There is a 20 page bibliographical essay at the end of the book. The author describes numerous sources for each of the topics covered in the book. This is an excellent resource for further study.
I enjoyed the book very much. This review is only a brief outline of the wealth of information provided in a well written and accessible fashion. I have read some criticism of the author for distorting the narrative of events in the name of political correctness. What I found was an even handed, accurate and honest portrayal of events. America is a great country but the government and people of the country have done some reprehensible acts in the course of their history. Any honest history of the country has to include those actions.
As suggested by the title of this work, the period from 1815 until 1848 was indeed a time of transformation, from the agrarian, East Coast dominated economy of the Revolutionary era, to the geographically expanding and urbanized economy created in large part by the Industrial Revolution. That having been said, I can’t say that I was mesmerized by this book and found it somewhat of a grind to get through. I don’t know if it was the subject matter or the writing style, but the story seemed disjointed and never flowed smoothly. Much of the writing is in the style of a textbook, and as a result failed to capture my attention.
It seemed that fully half the book focused on the Presidency and policies of Andrew Jackson, and suffice it to say, the author is no fan of Jackson. While there is much to condemn in Jackson’s character and administration, it is no exaggeration to suggest that if the creators of Mount Rushmore had room for one more bust, Jackson’s would almost certainly have been the one chosen. And though the author correctly points out valid criticisms of Jackson, he at times tries a little bit too hard, such as strenuously and repeatedly painting Jackson with the brush of “white supremacist”. Not to suggest that Jackson was not a white supremacist, only that virtually 100% of the white American population of the time (including abolitionists) were rabid white supremacists.
Also, the author seems to be exceptionally fond of Henry Clay, suggesting that had he been elected in 1844, the Civil War might have been avoided. The author relies upon Clay’s willingness to enact a program of compensated emancipation, as if the South were interested in such a plan. Had he attempted such a program, it is more likely that the War would have accelerated rather than avoided. And while one may argue over the morality of the Mexican War, it is hard to argue with results (acquisition of Alta California, New Mexico and much of what is now Texas), and Clay was on record as being adamantly opposed to the aforesaid territorial expansion, even after the war had been concluded.
In summary, the book is a laudable effort to fill in a period of American history often glossed over.
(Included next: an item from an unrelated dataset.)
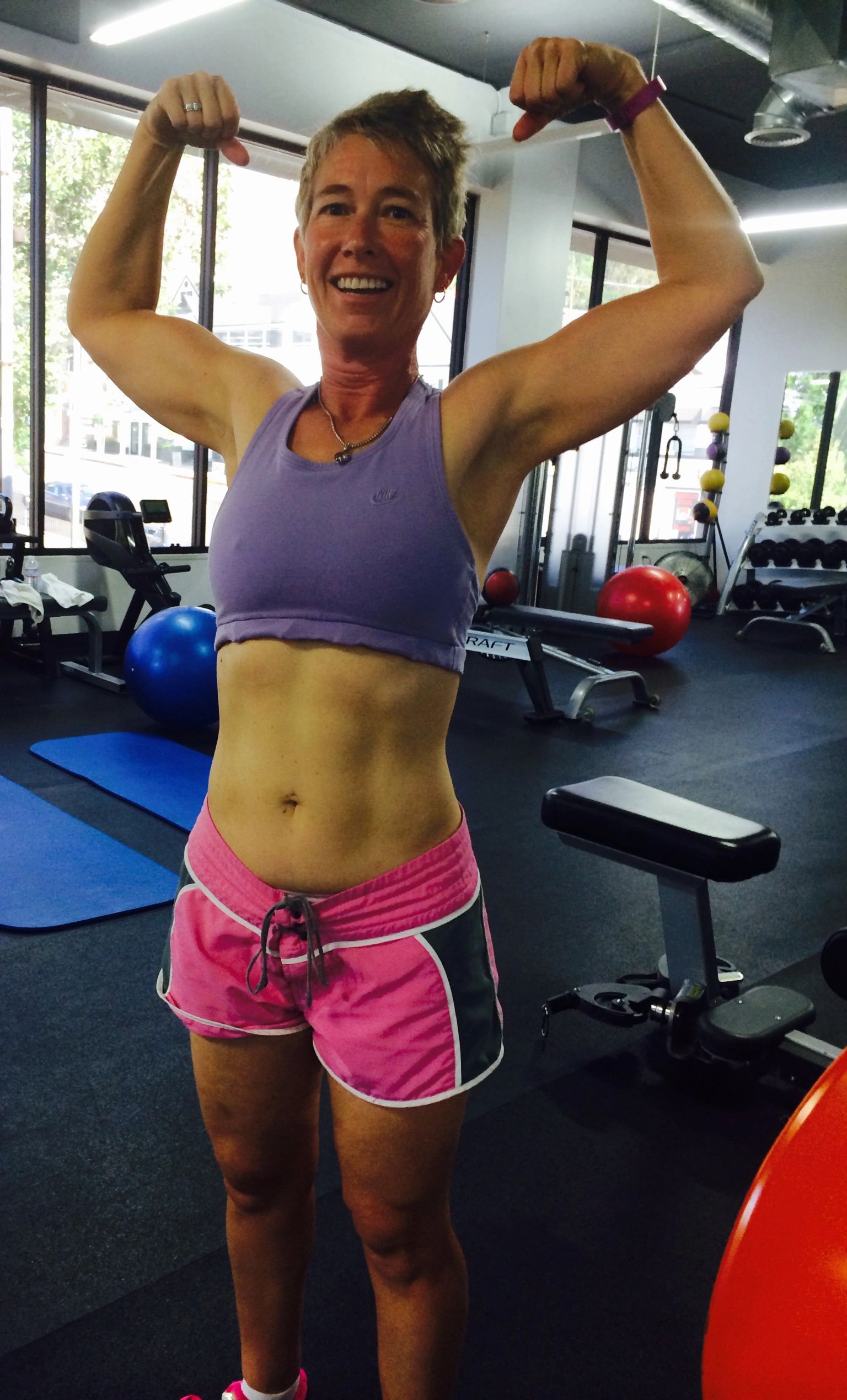 Woman gym flexing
It is well researched and comprehensively presented. It is not however an engrossing read and suffers somewhat from an overly negative bias as relating to the period of Jacksonian administration, and a consequently overly positive viewpoint toward those on the opposite end of the political spectrum.
I've read so much about Jackson, much of it unqualified admiration of his presidency, that it was a relief to read who else was prominent and what they were up to. It does include Jackson's fight against the national bank, the results of his feuds with political enemies (of which there were many), and of course the Eaton affair. It is on the brink of being biased against Jackson as well, I must admit.
I learned more about the Mexican War and the acquisition of Texas, New Mexico and California than I have ever known. And I felt this was a good background book for reading about the Civil War. I recommend this book and believe Howe wrote it in an easy style for a non-academic to read. However, I would caution that it is an 855 page book. This isn't a fast read but slower, careful reading is rewarding.